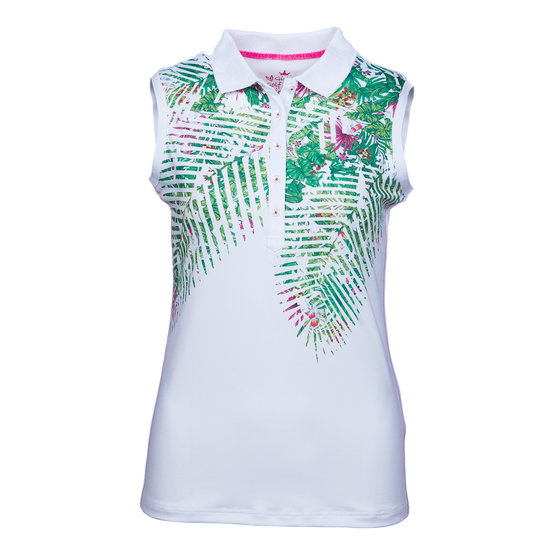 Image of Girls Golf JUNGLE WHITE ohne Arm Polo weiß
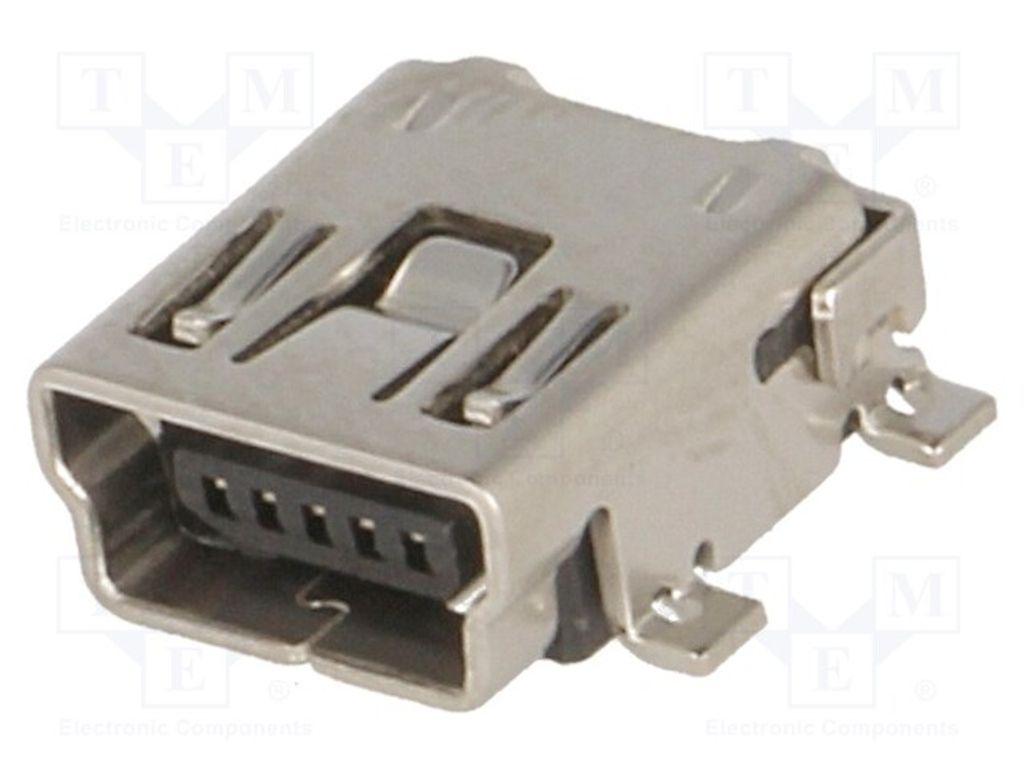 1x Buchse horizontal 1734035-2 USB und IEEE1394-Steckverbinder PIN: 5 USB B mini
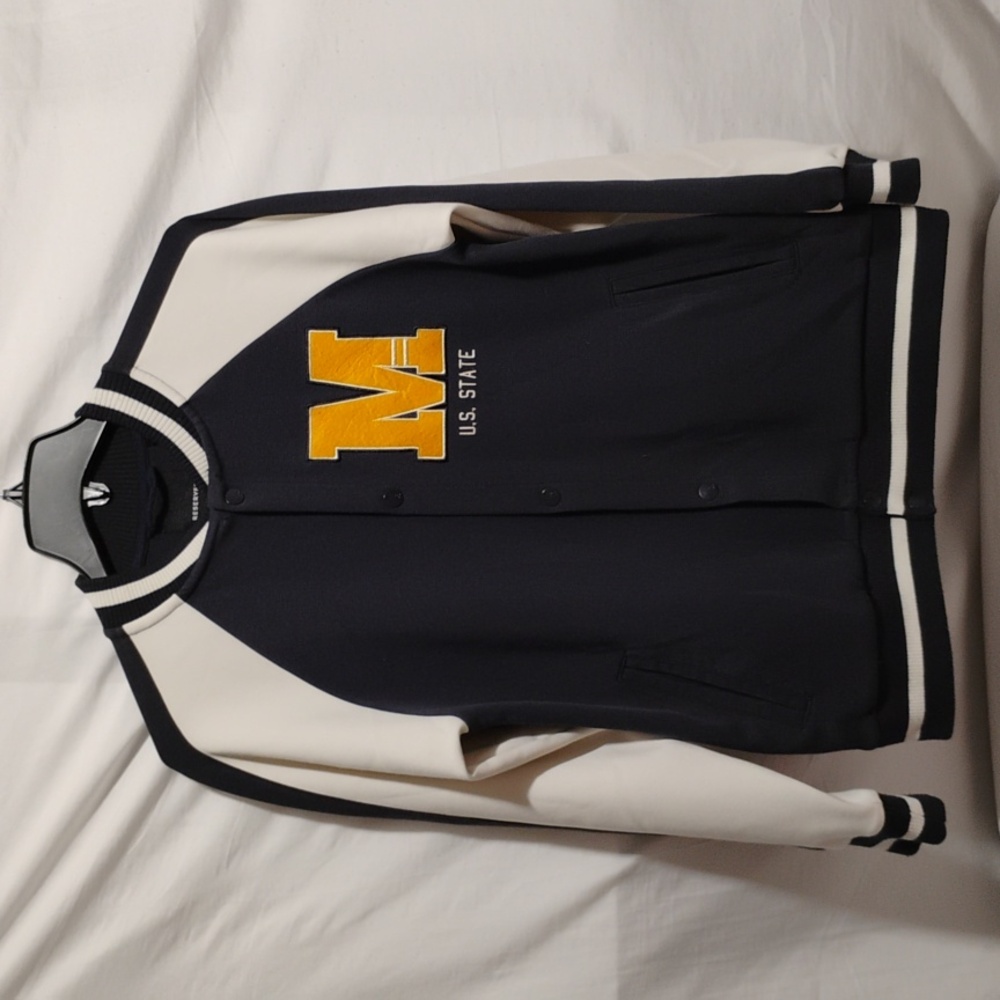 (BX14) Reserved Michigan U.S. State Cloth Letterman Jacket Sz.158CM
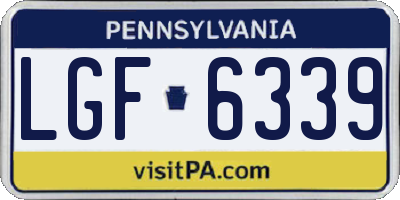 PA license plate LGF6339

============================================================

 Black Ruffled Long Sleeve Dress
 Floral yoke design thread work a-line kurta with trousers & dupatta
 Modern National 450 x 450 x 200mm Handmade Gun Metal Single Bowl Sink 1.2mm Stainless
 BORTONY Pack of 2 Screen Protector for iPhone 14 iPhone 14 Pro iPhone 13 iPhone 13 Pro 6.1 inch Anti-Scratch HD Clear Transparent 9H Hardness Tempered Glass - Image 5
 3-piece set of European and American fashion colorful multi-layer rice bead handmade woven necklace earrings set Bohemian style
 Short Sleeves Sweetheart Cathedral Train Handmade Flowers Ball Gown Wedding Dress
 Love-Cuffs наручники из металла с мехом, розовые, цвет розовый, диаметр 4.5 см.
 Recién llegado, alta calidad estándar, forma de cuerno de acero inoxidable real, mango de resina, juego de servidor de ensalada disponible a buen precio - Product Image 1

============================================================

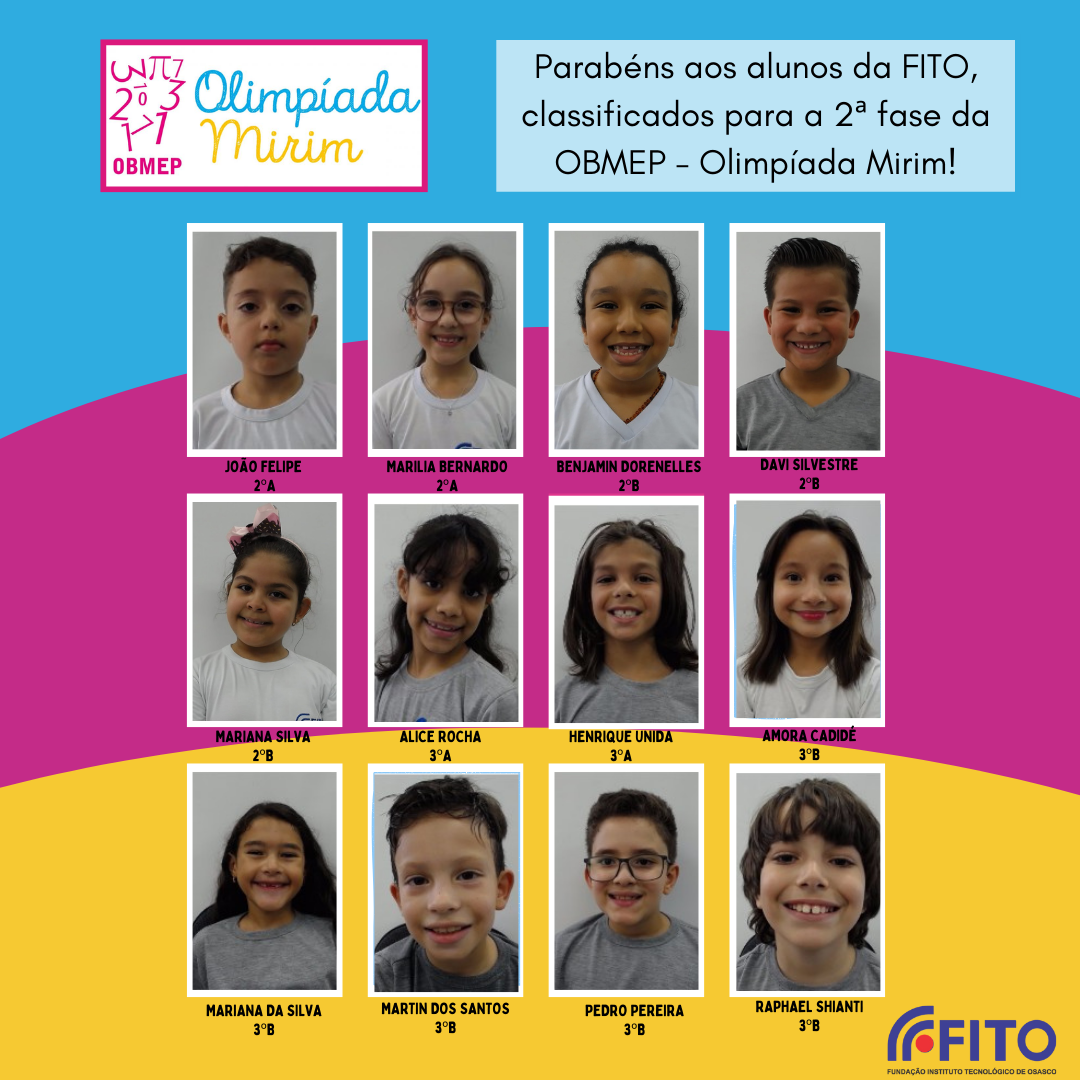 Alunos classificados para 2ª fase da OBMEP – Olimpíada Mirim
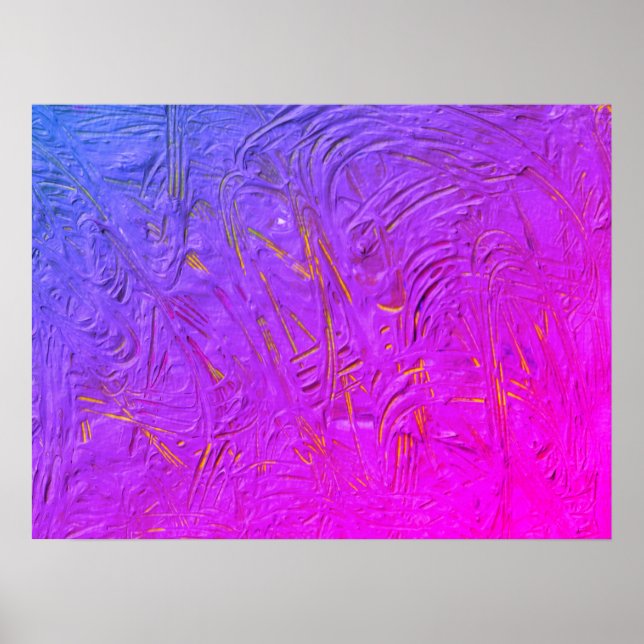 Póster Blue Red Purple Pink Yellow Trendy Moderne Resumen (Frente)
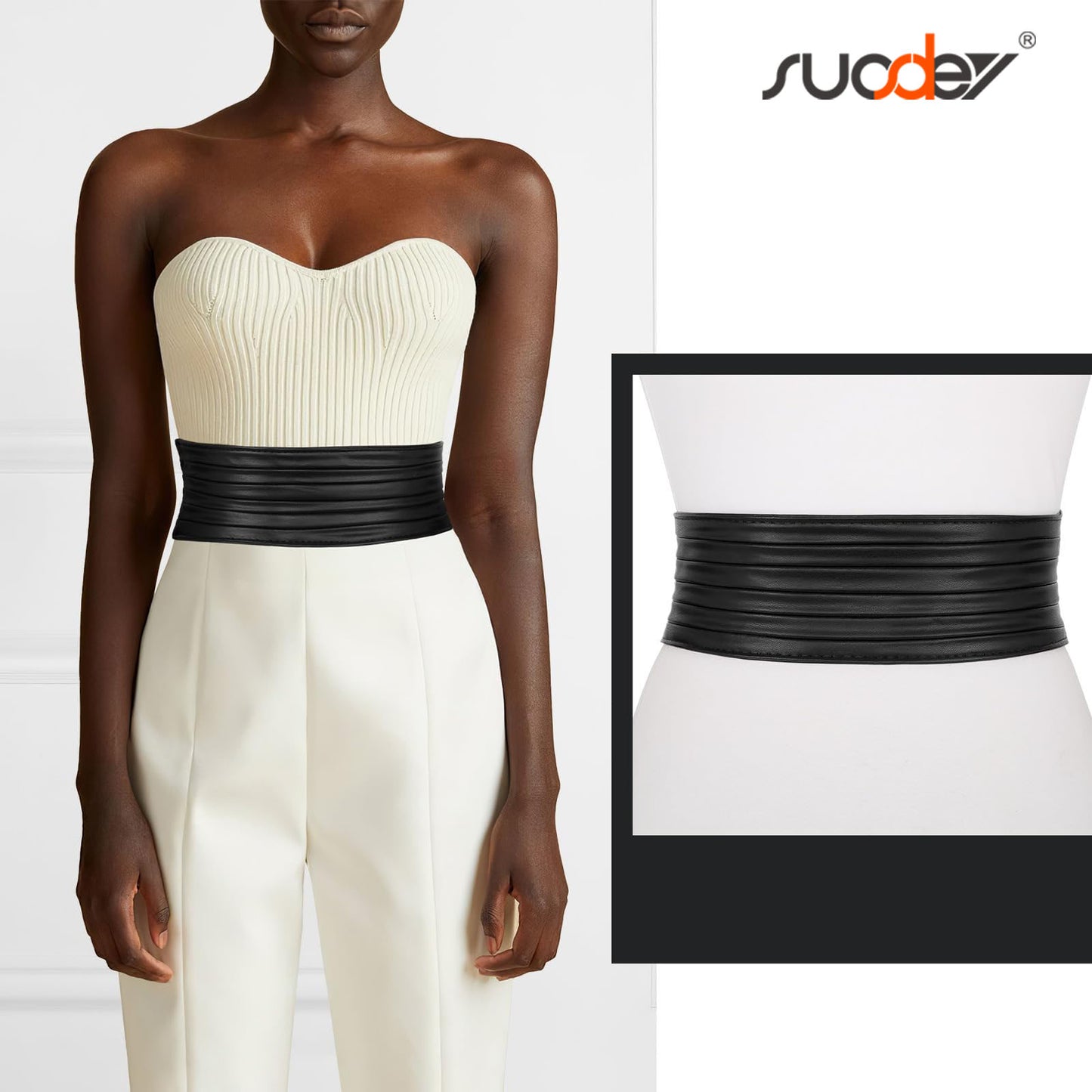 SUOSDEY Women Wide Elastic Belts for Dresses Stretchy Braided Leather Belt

============================================================

→ **PROBLEM REQUIREMENTS**: Starting with the line that has "Image of Girls" and ending with the line that has "PA license plate LGF6339", repeat the lines above exactly, omitting every picture.

→ **YOUR SOLUTION**:
 Image of Girls Golf JUNGLE WHITE ohne Arm Polo weiß
 1x Buchse horizontal 1734035-2 USB und IEEE1394-Steckverbinder PIN: 5 USB B mini
 (BX14) Reserved Michigan U.S. State Cloth Letterman Jacket Sz.158CM
 PA license plate LGF6339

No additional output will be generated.